**Extracted data**
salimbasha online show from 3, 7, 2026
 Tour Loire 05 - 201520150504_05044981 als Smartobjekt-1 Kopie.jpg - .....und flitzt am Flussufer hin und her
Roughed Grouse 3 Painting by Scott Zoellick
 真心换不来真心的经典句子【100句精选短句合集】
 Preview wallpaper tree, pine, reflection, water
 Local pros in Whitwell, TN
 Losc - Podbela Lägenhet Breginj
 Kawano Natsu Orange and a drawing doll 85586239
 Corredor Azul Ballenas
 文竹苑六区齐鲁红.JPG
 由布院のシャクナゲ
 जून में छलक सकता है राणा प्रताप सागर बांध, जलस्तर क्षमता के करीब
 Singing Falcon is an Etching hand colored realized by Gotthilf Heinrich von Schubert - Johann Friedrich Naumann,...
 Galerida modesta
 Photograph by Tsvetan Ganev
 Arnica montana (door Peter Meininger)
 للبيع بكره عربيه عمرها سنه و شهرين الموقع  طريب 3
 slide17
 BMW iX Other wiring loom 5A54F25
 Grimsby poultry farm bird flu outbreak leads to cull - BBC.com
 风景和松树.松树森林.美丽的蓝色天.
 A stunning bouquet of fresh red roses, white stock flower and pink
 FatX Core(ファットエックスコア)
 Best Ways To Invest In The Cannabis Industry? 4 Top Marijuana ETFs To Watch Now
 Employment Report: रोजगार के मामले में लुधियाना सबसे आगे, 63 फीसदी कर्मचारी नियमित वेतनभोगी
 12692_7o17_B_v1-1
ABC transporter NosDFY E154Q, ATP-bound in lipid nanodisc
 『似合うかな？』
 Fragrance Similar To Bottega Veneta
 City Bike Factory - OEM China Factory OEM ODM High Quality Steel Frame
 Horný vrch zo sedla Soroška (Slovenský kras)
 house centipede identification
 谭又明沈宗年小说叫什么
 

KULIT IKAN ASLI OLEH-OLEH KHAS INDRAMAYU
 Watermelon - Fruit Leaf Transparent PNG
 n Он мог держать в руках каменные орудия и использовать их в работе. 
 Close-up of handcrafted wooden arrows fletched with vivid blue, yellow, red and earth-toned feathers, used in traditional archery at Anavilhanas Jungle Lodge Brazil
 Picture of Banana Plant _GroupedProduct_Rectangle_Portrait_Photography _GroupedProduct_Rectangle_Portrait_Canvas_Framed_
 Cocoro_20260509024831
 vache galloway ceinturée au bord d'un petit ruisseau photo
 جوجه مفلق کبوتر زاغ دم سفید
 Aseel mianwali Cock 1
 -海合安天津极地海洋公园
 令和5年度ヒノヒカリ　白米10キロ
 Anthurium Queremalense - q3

**What is required**
Nothing should appear in the answer except the lines above from the line with "Singing Falcon is" through the line with "BMW iX Other wiring loom 5A54F25", both included, written out exactly.

**Exercise result**
 Singing Falcon is an Etching hand colored realized by Gotthilf Heinrich von Schubert - Johann Friedrich Naumann,...
 Galerida modesta
 Photograph by Tsvetan Ganev
 Arnica montana (door Peter Meininger)
 للبيع بكره عربيه عمرها سنه و شهرين الموقع  طريب 3
 slide17
 BMW iX Other wiring loom 5A54F25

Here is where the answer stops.